I finally decided to write a post about such imaginary "sufficiently smart compilers" that clearly don't exists today, never will and so we have to clutter the language : http://www.deadalnix.me/2013/03/23/a-story-about-optimization-llvm-and-the-sentinelinputrange/

I really hope that someone wrote this imaginary LLVM thing everybody is talking about !
March 24, 2013
On 3/24/13 7:32 AM, deadalnix wrote:
> I finally decided to write a post about such imaginary "sufficiently
> smart compilers" that clearly don't exists today, never will and so we
> have to clutter the language :
> http://www.deadalnix.me/2013/03/23/a-story-about-optimization-llvm-and-the-sentinelinputrange/
>
>
> I really hope that someone wrote this imaginary LLVM thing everybody is
> talking about !

Looking great (also love the page design).

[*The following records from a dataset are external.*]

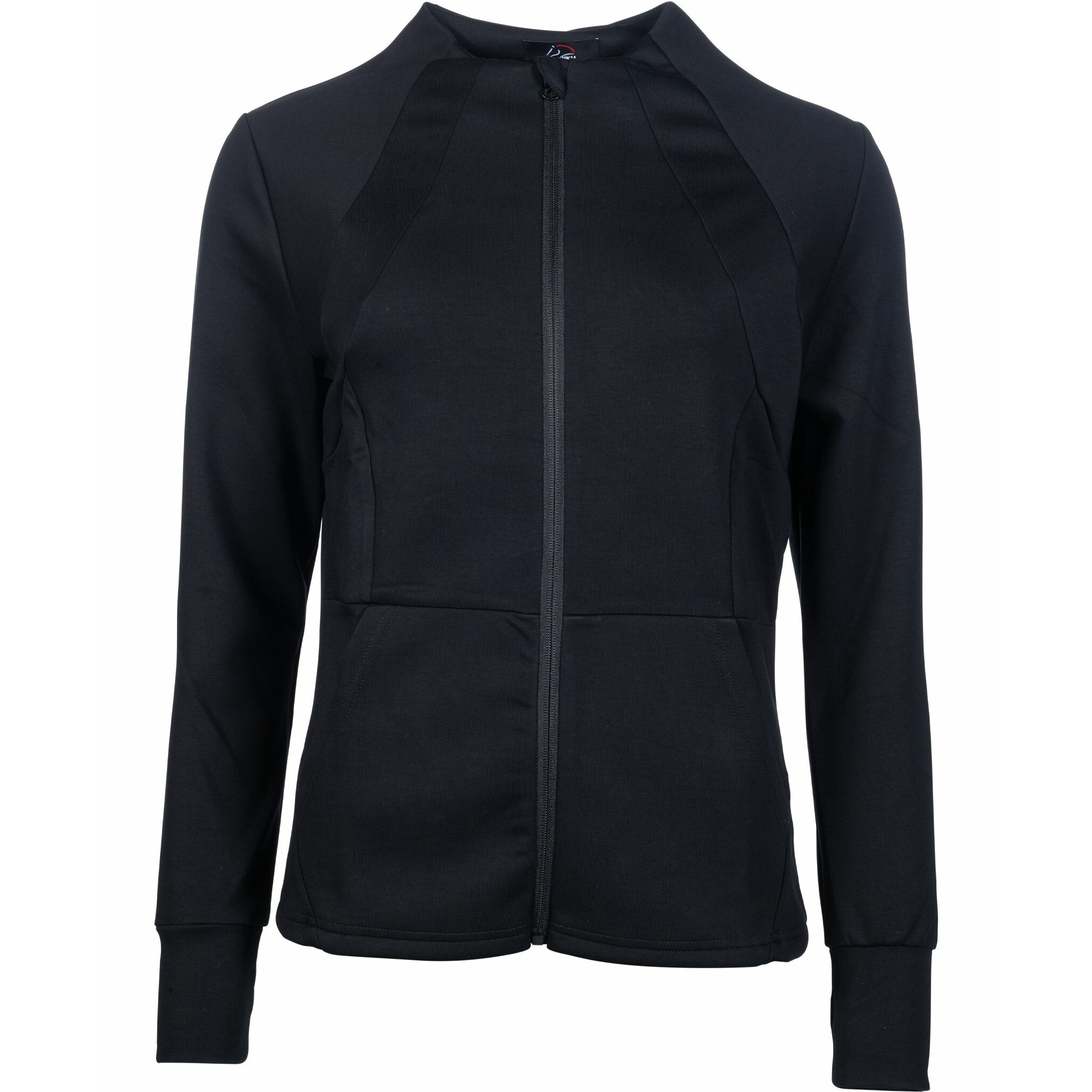 Damen Funktionsjacke ROSEWOOD schwarz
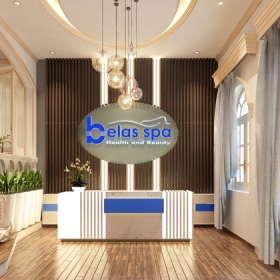 Belas Spa
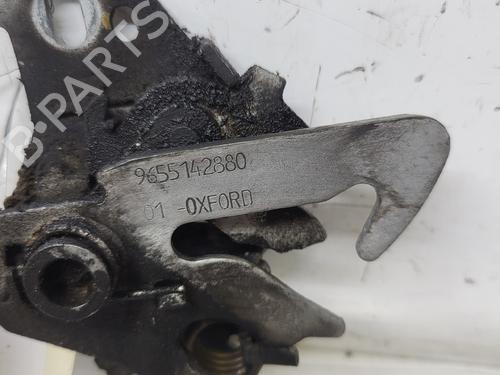 Used Hood lock Hood lock CITROËN JUMPY II Van [2007-2016] 35970381 35970381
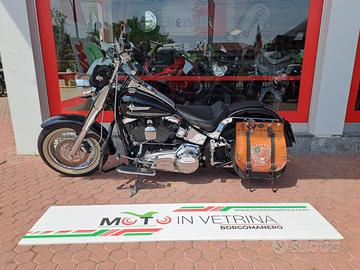 HARLEY DAVIDSON SOFTAIL DELUXE FLSTNI - 2007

The piece has a few systematic English language errors that should be easy to fix. Would you want to accept a copyedit step from a native speaker, and if so, is anyone here inclined to do that?


Thanks,

Andrei
March 24, 2013
deadalnix:

> http://www.deadalnix.me/2013/03/23/a-story-about-optimization-llvm-and-the-sentinelinputrange/

A nice article. I'd like to see longer lines for the non-proportional text of the code.

Another way to improve the article is to show what GDC does here.

Bye,
bearophile
March 24, 2013
On Sunday, 24 March 2013 at 11:49:17 UTC, Andrei Alexandrescu wrote:
> On 3/24/13 7:32 AM, deadalnix wrote:
>> I finally decided to write a post about such imaginary "sufficiently
>> smart compilers" that clearly don't exists today, never will and so we
>> have to clutter the language :
>> http://www.deadalnix.me/2013/03/23/a-story-about-optimization-llvm-and-the-sentinelinputrange/
>>
>>
>> I really hope that someone wrote this imaginary LLVM thing everybody is
>> talking about !
>
> Looking great (also love the page design). The piece has a few systematic English language errors that should be easy to fix. Would you want to accept a copyedit step from a native speaker, and if so, is anyone here inclined to do that?
>

I'd be happy to, if someone want to do it.